The Harris County Appraisal District commented on proposed §9.4264(h) as follows: "We feel the property owners should not have to pay a fee for withdrawn arbitrations. With the increasing number of arbitrations in Harris County, we have seen this process turn into a lucrative business for some arbitrators. With payment on the line, many are eager to get the date in the books as quickly as possible and not be willing to work with property owners in changing the date so that their fee is secure. If anything, they should only receive payment for their time spent on the process which should be very negligible. Another suggestion is to change the window from fourteen days to thirty days. A change in this rule could make some big leaps on getting us all working together on scheduling."

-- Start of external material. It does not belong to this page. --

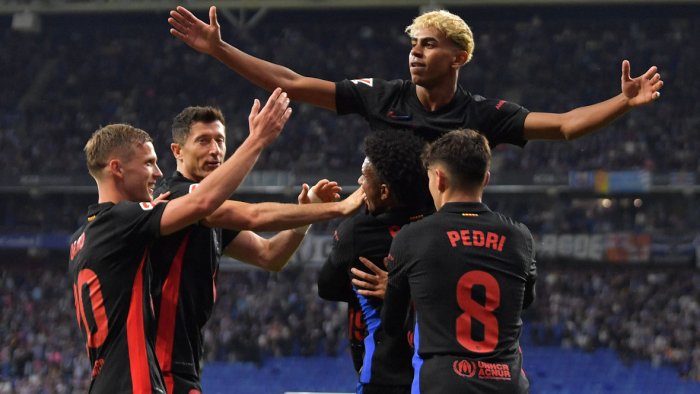 "Barselona" 28 karra Ispaniya chempioniga aylandi!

In responding to these comments from the group of 35 arbitrators, 6 individual arbitrators, and the Harris County Appraisal District, the agency revised proposed §9.4264(h). The agency notes first that under adopted §9.4255(c), property owners and agents now have 45 calendar days in which to settle their cases and receive a refund of the deposit less the $50 administrative fee. Arbitrators are not appointed to an arbitration until the expiration of this 45-day period under adopted §9.4255(c). As a result, adopted §9.4264(g) now provides that "[i]f the owner or agent does not notify the comptroller of the withdrawal of a request for arbitration in writing received before the expiration of the 45 calendar-day settlement period pursuant to §9.4255(c) of this title, the comptroller shall pay out of the deposit the fee, if any, charged by the arbitrator." Put another way, once an arbitrator accepts an appointment to a case, he or she is to be paid the arbitrator's fee in the event the request for arbitration subsequently is withdrawn.

These new sections are adopted under Tax Code, §41A.13 (Rules), which authorizes the comptroller to adopt rules necessary to implement and administer Tax Code, Chapter 41A governing the appeal of appraisal review board orders through binding arbitration.

These new sections implement Tax Code, §§41A.01(2), 41A.03(a)(2)(F), 41A.06(b)(2)(F), 41A.061(c)(2), 41A.07(a)(1) and (2), and 41A.07(e), (f), and (g), and 41A.13.